Background: Previous studies indicate that depressed patients with partial remission and residual symptoms following antidepressant treatment are common and have high rates of relapse. There is evidence that cognitive therapy may reduce relapse rates in depression.
Methods: One hundred fifty-eight patients with recent major depression, partially remitted with antidepressant treatment (mean daily doses equivalent to 185 mg of amitriptyline or 33 mg of fluoxetine) but with residual symptoms of 2 to 18 months' duration, were included in a controlled trial. Subjects were randomized to receive clinical management alone or clinical management plus cognitive therapy for 16 sessions during 20 weeks, with 2 subsequent booster sessions. Subjects were assessed regularly throughout the 20 weeks' treatment and for a further year. They received continuation and maintenance antidepressants at the same dose throughout.

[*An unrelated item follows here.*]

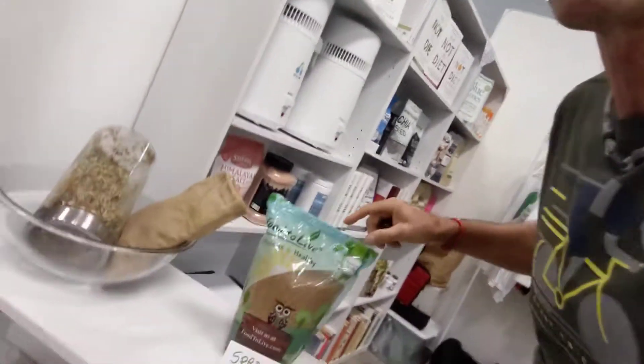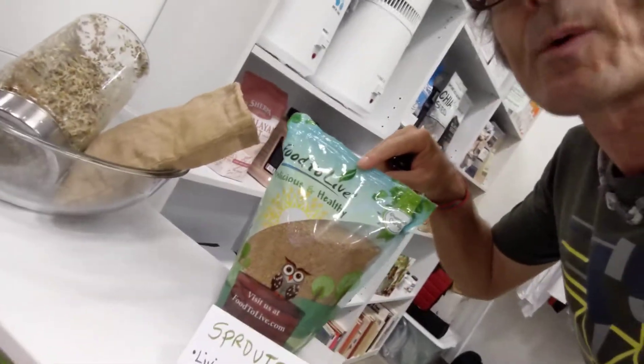That is day two and day three update. They should be good to go in about four to five days. Once again, this is alfalfa sprouts. Super easy to grow. All I did was initially soak them overnight, and then the next day rinsed them for one minute. And then I did that again in the evening — so every morning and evening, twice a day. And that's all there is to it. They just grow by themselves. No soil, no sunlight, no nothing. Sprouts are super easy to grow and super healthy for you.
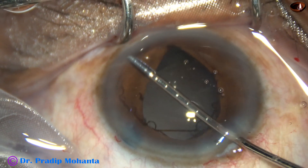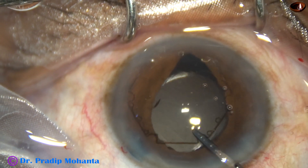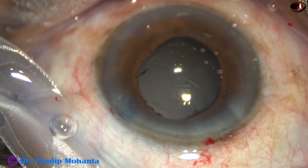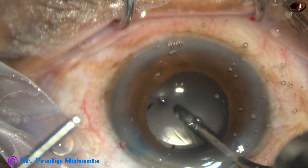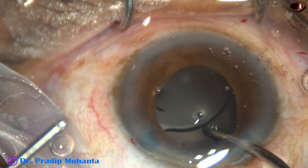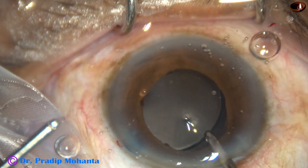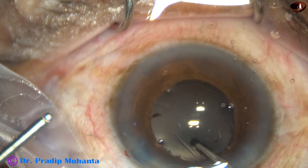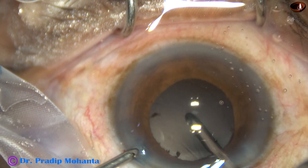And this is how we can remove the B-hex. Hold one haptic, pull centrally, go peripherally and all the flanges are untucked and the device is pulled out. It takes only a few seconds to remove the B-hex pupil expansion device and we don't need any injector system. This is removal of visco from the capsular bag, and this is removal of visco from the anterior chamber. When we have only one side port, we can use bimanual irrigation aspiration carefully.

Results: Cognitive therapy reduced relapse rates for acute major depression and persistent severe residual symptoms, in both intention to treat and treated per protocol samples. The cumulative relapse rate at 68 weeks was reduced significantly, from 47% in the clinical management control group to 29% with cognitive therapy (hazard ratio 0.54; 95% confidence interval, 0.32-0.93; intention to treat analysis). Cognitive therapy also increased full remission rates at 20 weeks but did not significantly improve symptom ratings.
Conclusion: In this difficult-to-treat group of patients with residual depression who showed only partial response despite antidepressant treatment, cognitive therapy produced worthwhile benefit.